An Alternative Surrogate Loss for PGD-based Adversarial Testing
Sven Gowal, Jonathan Uesato, Chongli Qin, Po-Sen Huang, Timothy Mann, Pushmeet Kohli
TL;DR
Projected Gradient Descent (PGD) attacks are a standard tool for probing neural network robustness, but fixed hyperparameters and single-loss surrogates can miss hard-to-find adversaries. The authors introduce MultiTargeted, a PGD variant that optimizes multiple per-class logit-difference losses across all nontrue classes, improving the likelihood of discovering worst-case perturbations under a fixed compute budget. They prove conditions under which MultiTargeted is guaranteed to find optimal perturbations (e.g., convex propagation or near-linear local behavior) and demonstrate strong empirical performance across MNIST, CIFAR-10, and ImageNet, achieving state-of-the-art attack strength on several leaderboards. The work also provides practical guidance on tuning PGD hyperparameters and shows that combining regular PGD and MultiTargeted can yield robust, scalable adversarial testing across datasets.
Abstract
Adversarial testing methods based on Projected Gradient Descent (PGD) are widely used for searching norm-bounded perturbations that cause the inputs of neural networks to be misclassified.
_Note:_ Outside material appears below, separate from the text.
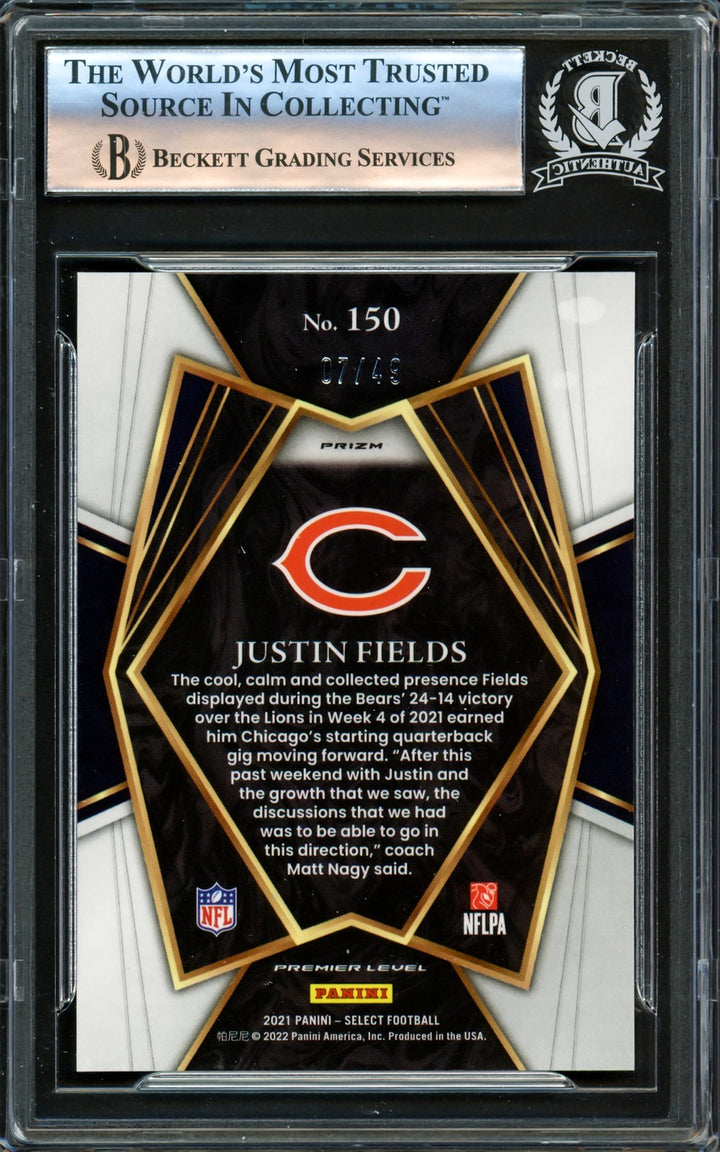 Justin Fields Signed 2021 Select Red Disco Prizm RC #150 Chicago Bears #/49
This paper takes a deeper look at these methods and explains the effect of different hyperparameters (i.e., optimizer, step size and surrogate loss). We introduce the concept of MultiTargeted testing, which makes clever use of alternative surrogate losses, and explain when and how MultiTargeted is guaranteed to find optimal perturbations. Finally, we demonstrate that MultiTargeted outperforms more sophisticated methods and often requires less iterative steps than other variants of PGD found in the literature. Notably, MultiTargeted ranks first on MadryLab's white-box MNIST and CIFAR-10 leaderboards, reducing the accuracy of their MNIST model to 88.36% (with $\ell_\infty$ perturbations of $ε= 0.3$) and the accuracy of their CIFAR-10 model to 44.03% (at $ε= 8/255$). MultiTargeted also ranks first on the TRADES leaderboard reducing the accuracy of their CIFAR-10 model to 53.07% (with $\ell_\infty$ perturbations of $ε= 0.031$).